Nationality: Italian Date of birth: November 14, 1984 Height: 179cm Weight: 61kg Team: Trek Segafredo Twitter:@vincenzonibali
Vincenzo Nibali is the current saving grace of Italian cycling. In a period when the country is short on winning riders, Nibali has delivered them Grand Tour wins as well as exciting racing and has victories in the 2014 Tour de France, 2013 and 2016 Giro d’Italia and 2010 Vuelta a España.
Nibali signed for Trek-Segafredo for the 2020 season, after another fairly average season. He was beat into second place at his home tour behind Richard Carapaz. He gained a stage win at the TdF, deciding that his form wasn’t good enough to adequately compete in the GC. His season ended with middle of the pack finishes in some late season monuments.
Nibali at the 2018 Criterium du Dauphine. Image: Sunada
Nibali is often touted as a traditional rider in a modern era and is known for his descending skills. However, his 2014 Tour win was partly a result of painstaking work based on his power output and that of his rivals, masterminded by his coach Paolo Slongo.
Having won the 2013 Giro, the Italian took the brave move to skip his home tour in 2014 in favour for another assault on the Tour de France. It was a move that proved hugely successful. An opportunistic win on stage two in to Sheffield was followed by a sublime ride over the cobbles to set up a dominant three week performance. As his rivals fell by the wayside, Nibali grew stronger, dominating in the mountains and not showing a weakness.
Nibali had a busy winter after his 2014 Tour victory, and started the 2015 season slowly in comparison to the previous year. He was off the pace of his key rivals Chris Froome and Nairo Quintana throughout the 2015 Tour and finished in fourth place behind Froome, despite winning a stage in the Alps. Nibali himself said during the race: “I don’t even seem like the brother of Nibali from last year. I don’t know the problem”.
2016 looked to get off to a better start for the Italian champion, as he took overall victory with an impressive climbing display at the Tour of Oman.

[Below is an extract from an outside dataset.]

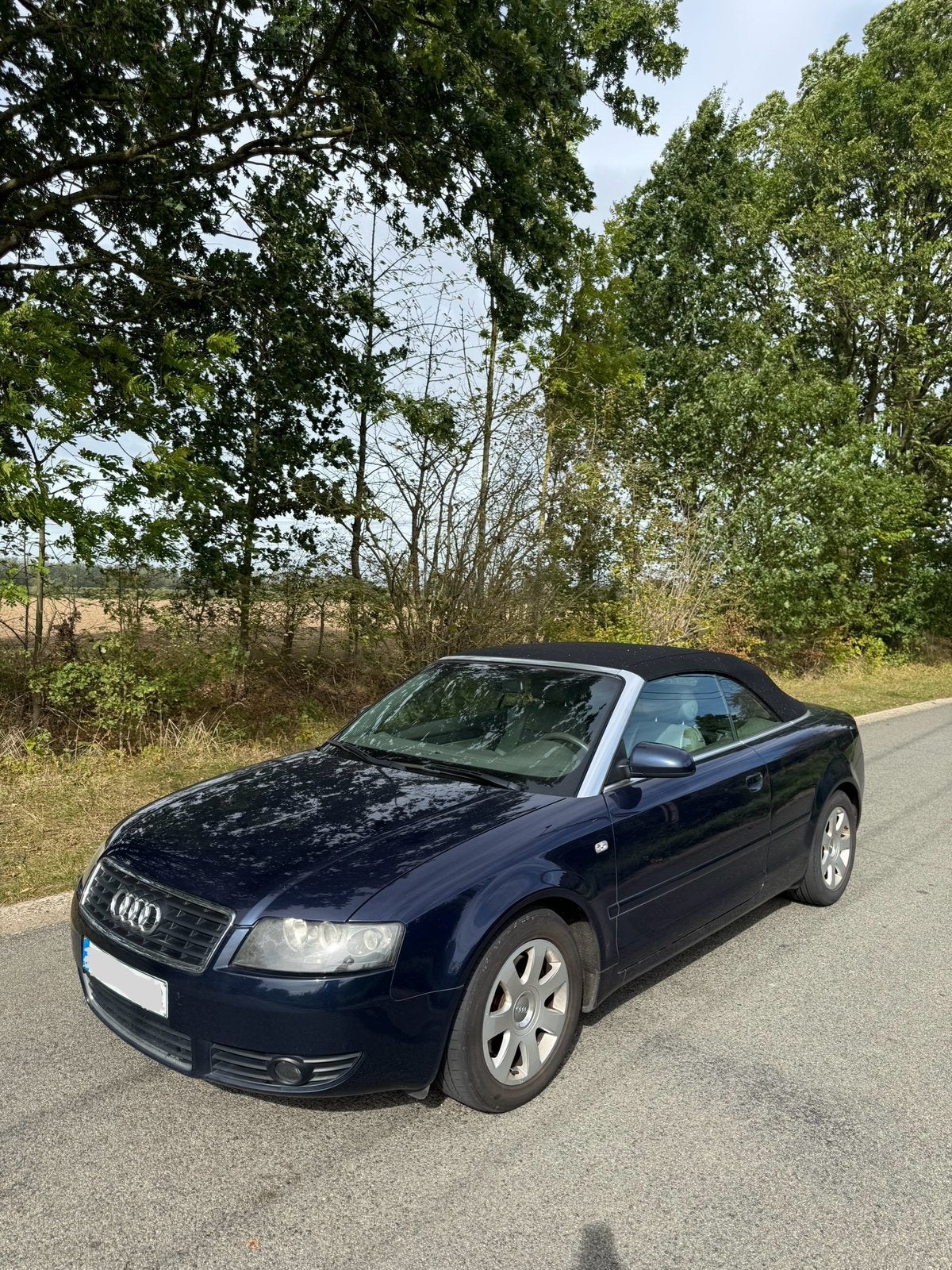 Audi A4 cabrio 2.5 V6, Auto's, Automaat, Cabriolet, A4, Diesel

But again, Nibali looked off the pace in the build-up to the Giro d’Italia in the Tirreno-Adriatico and Giro del Trentino.
Things didn’t seem to get much better once the 2016 Giro started either, with Nibali struggling to hold on to the likes of Steven Kruijswijk (LottoNL-Jumbo) and Esteban Chaves (Orica-GreenEdge) in the Dolomite mountain stages.
But you can never write him off. In the final two huge mountain stages, Nibali began his comeback from over four minutes down on Kruijswijk.
That moved him into second place, 44 seconds behind Colombia Chaves going into the final mountain day. As Chaves struggled on stage 20, Nibali and his Astana teammates played the tactics perfectly to aid his attack on the penultimate climb of Colle della Lombarda, leaving Chaves behind to take his second Giro victory.
The season didn’t get off to the best start, with Nibali finishing out of the top ten on GC at Tirreno-Adriatico – a race he won in 2012 and 2013. He commented that his new Bahrain-Merida team had made some mistakes, and perhaps lacked condition.
At the 2017 Giro d’Italia, Nibali led his new Bahrain-Merida team in their first year on the WorldTour Stage and he featured on the start list as a prime contender.
With more time trial kilometres included in the 2017 Giro route than the de France, the leader and his team mates spent time in the wind tunnel, perfecting their set up aboard the Merida Warp TT bike in advance.
Nibali finished the 2017 Giro d’Italia in third place on the general classification, behind Nairo Quintana (Movistar) in second place. The Italian took a win on stage 16.
He skipped the tour, instead taking on the Vuelta, where he won a stage and finished second in the general classification. He also won his second Il Lombardia, out descending Thibaut Pinot on the final two climbs. However, whilst these wins are impressive, they are clearly not the Grand Tour GC ambitions that he has fulfilled four times in the last.
2018 saw him win his third monument at Milan-San Remo. A decent start at the tour was hampered by a crash on stage 12 where he fractured a vertebra in a crash caused by spectator interference.
As he transitions from Bahrain-Merida to Trek-Segafredo, he has set his sights on a third maglia rosa and aims to make amends for a high-speed crash at the 2016 Olympics that ruined his medal chances and left him with a fractured collarbone.